Keras FAQ: Frequently Asked Keras Questions

How should I cite Keras?
How can I run Keras on GPU?
How can I save a Keras model?
Why is the training loss much higher than the testing loss?
How can I visualize the output of an intermediate layer?
How can I use Keras with datasets that don't fit in memory?
How can I interrupt training when the validation loss isn't decreasing anymore?
How is the validation split computed?
Is the data shuffled during training?
How can I record the training / validation loss / accuracy at each epoch?
How can I "freeze" layers?
How can I use stateful RNNs?
How can I remove a layer from a Sequential model?
How can I use pre-trained models in Keras?

How should I cite Keras?

Please cite Keras in your publications if it helps your research. Here is an example BibTeX entry:

@misc{chollet2015keras,
  title={Keras},
  author={Chollet, Fran\c{c}ois},
  year={2015},
  publisher={GitHub},
  howpublished={\url{https://github.com/fchollet/keras}},
}

How can I run Keras on GPU?

If you are running on the TensorFlow backend, your code will automatically run on GPU if any available GPU is detected. If you are running on the Theano backend, you can use one of the following methods:

Method 1: use Theano flags.

THEANO_FLAGS=device=gpu,floatX=float32 python my_keras_script.py

The name 'gpu' might have to be changed depending on your device's identifier (e.g. gpu0, gpu1, etc).

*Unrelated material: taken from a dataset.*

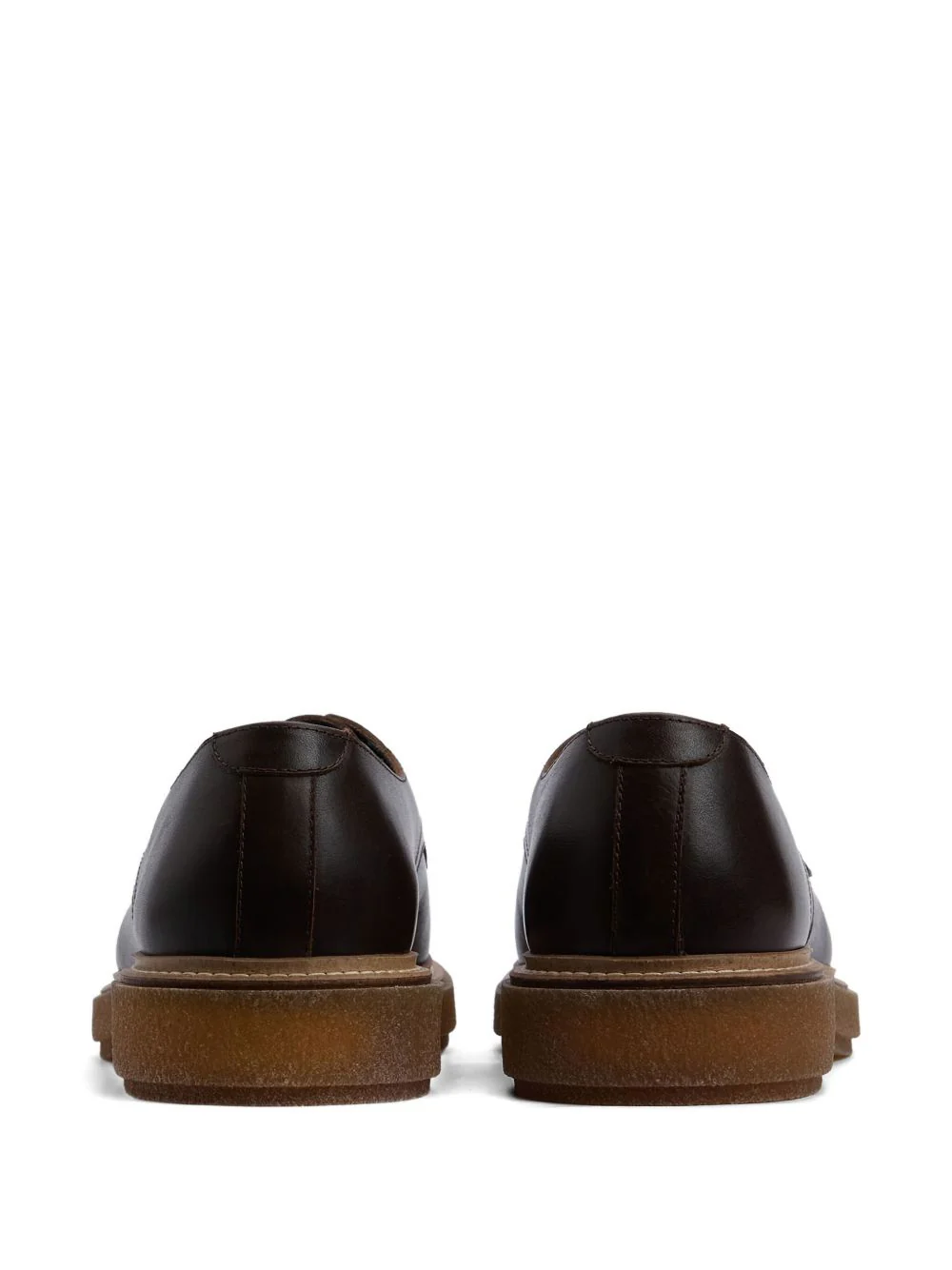 Harefield Leather Derby Shoes - Image 3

Method 2: set up your .theanorc: Instructions

Method 3: manually set theano.config.device, theano.config.floatX at the beginning of your code:

import theano
theano.config.device = 'gpu'
theano.config.floatX = 'float32'

How can I save a Keras model?

It is not recommended to use pickle or cPickle to save a Keras model.

If you only need to save the architecture of a model, and not its weights, you can do:

# save as JSON
json_string = model.to_json()

# save as YAML
yaml_string = model.to_yaml()

You can then build a fresh model from this data:

# model reconstruction from JSON:
from keras.models import model_from_json
model = model_from_json(json_string)

# model reconstruction from YAML
model = model_from_yaml(yaml_string)

If you need to save the weights of a model, you can do so in HDF5 with the code below.

Note that you will first need to install HDF5 and the Python library h5py, which do not come bundled with Keras.

model.save_weights('my_model_weights.h5')

Assuming you have code for instantiating your model, you can then load the weights you saved into a model with the same architecture:

model.load_weights('my_model_weights.h5')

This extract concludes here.